From 8ade6bf0476b510499488f499156604172b8d1fc Mon Sep 17 00:00:00 2001
From: Marc Cromme <marc@indexdata.dk>
Date: Thu, 1 Mar 2007 11:21:20 +0000
Subject: [PATCH] removed section on special record retrieval features, which
 need a rewrite - only commented out. added section on
 debugging of DOM filter configurations added a bullet point
 on semantics of DOM filter explaining that records not
 emerging record and index instructions are discarted, i.e.
 dropped on the floor. This meets Seb's wishes for the
 gutenberg collection

---
 doc/recordmodel-domxml.xml |   39 ++++++++++++++++++++++++++++++++++++---
 1 file changed, 36 insertions(+), 3 deletions(-)
diff --git a/doc/recordmodel-domxml.xml b/doc/recordmodel-domxml.xml
index bb5b300..a9b85db 100644
--- a/doc/recordmodel-domxml.xml
+++ b/doc/recordmodel-domxml.xml
@@ -1,5 +1,5 @@
 <chapter id="record-model-domxml">
-  <!-- $Id: recordmodel-domxml.xml,v 1.9 2007-02-22 15:44:19 marc Exp $ -->
+  <!-- $Id: recordmodel-domxml.xml,v 1.10 2007-03-01 11:21:20 marc Exp $ -->
   <title>&dom; &xml; Record Model and Filter Module</title>
 
   <para>
@@ -400,6 +400,19 @@
          <xref linkend="fields-and-charsets"/> for details.
          </para>
        </listitem>
+       <listitem>
+         <para> 
+         &dom; input documents which are not resulting in both one
+         unique valid 
+         <literal>record</literal> instruction and one or more valid 
+         <literal>index</literal> instructions can not be searched and
+         found. Therefore,
+         invalid document processing is aborted, and any content of
+         the <literal>&lt;extract&gt;</literal> and 
+         <literal>&lt;store&gt;</literal> pipelines is discarted.

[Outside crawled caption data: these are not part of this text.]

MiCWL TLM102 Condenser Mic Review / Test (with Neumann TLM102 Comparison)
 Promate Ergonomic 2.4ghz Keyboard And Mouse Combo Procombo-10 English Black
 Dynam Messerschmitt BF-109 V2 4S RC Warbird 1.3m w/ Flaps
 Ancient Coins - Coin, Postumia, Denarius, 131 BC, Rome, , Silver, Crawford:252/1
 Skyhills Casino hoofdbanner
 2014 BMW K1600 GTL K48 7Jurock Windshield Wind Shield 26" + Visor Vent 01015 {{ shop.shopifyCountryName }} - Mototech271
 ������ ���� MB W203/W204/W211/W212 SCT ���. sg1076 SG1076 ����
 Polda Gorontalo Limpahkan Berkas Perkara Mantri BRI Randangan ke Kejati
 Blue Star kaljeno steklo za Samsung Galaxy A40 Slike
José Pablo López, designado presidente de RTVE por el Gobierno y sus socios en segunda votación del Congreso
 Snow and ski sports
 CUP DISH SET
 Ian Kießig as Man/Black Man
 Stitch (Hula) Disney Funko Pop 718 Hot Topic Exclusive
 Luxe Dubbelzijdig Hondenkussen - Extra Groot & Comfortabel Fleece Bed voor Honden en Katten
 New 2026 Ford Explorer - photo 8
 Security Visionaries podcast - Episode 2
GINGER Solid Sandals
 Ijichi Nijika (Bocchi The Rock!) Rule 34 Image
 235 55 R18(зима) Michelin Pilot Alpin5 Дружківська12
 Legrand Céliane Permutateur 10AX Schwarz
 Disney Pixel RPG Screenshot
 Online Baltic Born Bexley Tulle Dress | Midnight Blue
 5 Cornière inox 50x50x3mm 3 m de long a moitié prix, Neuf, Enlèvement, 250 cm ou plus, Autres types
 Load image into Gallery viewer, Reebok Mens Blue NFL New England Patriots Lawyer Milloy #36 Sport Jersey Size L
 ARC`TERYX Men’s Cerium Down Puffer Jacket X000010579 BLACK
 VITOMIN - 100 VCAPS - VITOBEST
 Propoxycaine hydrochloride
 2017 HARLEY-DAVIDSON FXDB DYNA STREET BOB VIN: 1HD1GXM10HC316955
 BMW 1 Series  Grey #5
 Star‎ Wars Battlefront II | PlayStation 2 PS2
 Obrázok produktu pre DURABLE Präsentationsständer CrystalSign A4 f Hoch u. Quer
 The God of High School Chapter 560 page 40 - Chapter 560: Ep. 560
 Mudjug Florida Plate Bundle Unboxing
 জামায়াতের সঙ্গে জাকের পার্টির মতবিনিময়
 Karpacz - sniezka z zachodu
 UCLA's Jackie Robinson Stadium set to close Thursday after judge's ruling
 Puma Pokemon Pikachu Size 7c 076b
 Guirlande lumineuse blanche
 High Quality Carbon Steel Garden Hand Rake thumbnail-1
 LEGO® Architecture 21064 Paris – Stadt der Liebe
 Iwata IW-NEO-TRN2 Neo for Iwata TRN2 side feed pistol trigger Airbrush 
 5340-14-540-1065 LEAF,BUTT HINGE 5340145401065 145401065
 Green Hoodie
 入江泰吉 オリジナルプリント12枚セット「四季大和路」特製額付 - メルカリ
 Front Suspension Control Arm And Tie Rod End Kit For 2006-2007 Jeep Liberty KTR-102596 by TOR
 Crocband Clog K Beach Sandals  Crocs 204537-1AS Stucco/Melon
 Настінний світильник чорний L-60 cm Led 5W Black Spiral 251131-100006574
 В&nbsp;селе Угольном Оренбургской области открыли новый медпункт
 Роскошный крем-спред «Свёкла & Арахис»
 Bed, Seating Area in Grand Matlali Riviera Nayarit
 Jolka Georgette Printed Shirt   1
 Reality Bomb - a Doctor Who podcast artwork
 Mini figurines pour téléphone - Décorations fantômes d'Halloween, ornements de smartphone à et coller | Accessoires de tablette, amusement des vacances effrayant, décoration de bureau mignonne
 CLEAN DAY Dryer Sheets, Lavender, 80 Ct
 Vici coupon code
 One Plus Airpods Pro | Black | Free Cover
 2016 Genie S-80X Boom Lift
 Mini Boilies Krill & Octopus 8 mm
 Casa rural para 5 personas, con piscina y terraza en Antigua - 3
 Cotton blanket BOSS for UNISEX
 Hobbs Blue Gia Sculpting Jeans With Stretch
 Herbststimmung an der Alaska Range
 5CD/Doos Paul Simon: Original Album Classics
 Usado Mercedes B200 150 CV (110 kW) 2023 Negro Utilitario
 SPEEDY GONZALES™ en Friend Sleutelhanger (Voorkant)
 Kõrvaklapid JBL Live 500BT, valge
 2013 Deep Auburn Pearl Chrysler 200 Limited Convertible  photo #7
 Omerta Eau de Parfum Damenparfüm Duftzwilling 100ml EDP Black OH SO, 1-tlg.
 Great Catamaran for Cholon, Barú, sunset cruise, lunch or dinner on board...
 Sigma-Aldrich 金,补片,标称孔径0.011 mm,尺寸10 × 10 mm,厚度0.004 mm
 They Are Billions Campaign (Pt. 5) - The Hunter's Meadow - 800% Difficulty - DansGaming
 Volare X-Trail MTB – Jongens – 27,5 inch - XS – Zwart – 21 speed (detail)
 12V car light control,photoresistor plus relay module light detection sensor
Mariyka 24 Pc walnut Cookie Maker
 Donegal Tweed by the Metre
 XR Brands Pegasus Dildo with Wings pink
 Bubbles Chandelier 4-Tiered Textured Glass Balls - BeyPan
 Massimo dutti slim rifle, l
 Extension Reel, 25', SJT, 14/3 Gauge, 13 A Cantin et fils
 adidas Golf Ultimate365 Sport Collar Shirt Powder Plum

+          A warning is issued in the logs. 
+         </para>
+       </listitem>
       </itemizedlist>
     </para>
 
@@ -651,6 +664,25 @@
     </para>
   </section>
 
+  <section id="record-model-domxml-debug">
+   <title>Debuggig &dom; Filter Configurations</title>
+   <para>
+    It can be very hard to debug a &dom; filter setup due to the many
+    sucessive &marc; syntax translations, &xml; stream splitting and 
+    &xslt; transformations involved. As an aid, you have always the
+    power of the <literal>-s</literal> command line switch to the 
+    <literal>zebraidz</literal> indexing command at your hand: 
+    <screen>
+     zebraidx -s -c zebra.cfg update some_record_stream.xml
+    </screen>
+    This command line simulates indexing and dumps a lot of debug
+    information in the logs, telling exactly which transformations
+    have been applied, how the documents look like after each
+    transformation, and which record ids and terms are send to the indexer.
+   </para>
+  </section>
+
+  <!--
   <section id="record-model-domxml-elementset">
    <title>&dom; Exchange Formats</title>
    <para>
@@ -675,7 +707,7 @@
        xmlns:z="http://indexdata.dk/zebra/xslt/1"
        version="1.0">
 
-       <!-- register internal zebra parameters -->       
+       <!- - register internal zebra parameters - ->       
        <xsl:param name="id" select="''"/>
        <xsl:param name="filename" select="''"/>
        <xsl:param name="score" select="''"/>
@@ -683,7 +715,7 @@
            
        <xsl:output indent="yes" method="xml" version="1.0" encoding="UTF-8"/>
 
-       <!-- use then for display of internal information -->
+       <!- - use then for display of internal information - ->
        <xsl:template match="/">
          <z:zebra>
            <id><xsl:value-of select="$id"/></id>
@@ -699,6 +731,7 @@
     </para>
 
   </section>
+  -->
 
   <!--
   <section id="record-model-domxml-example">
-- 
1.7.10.4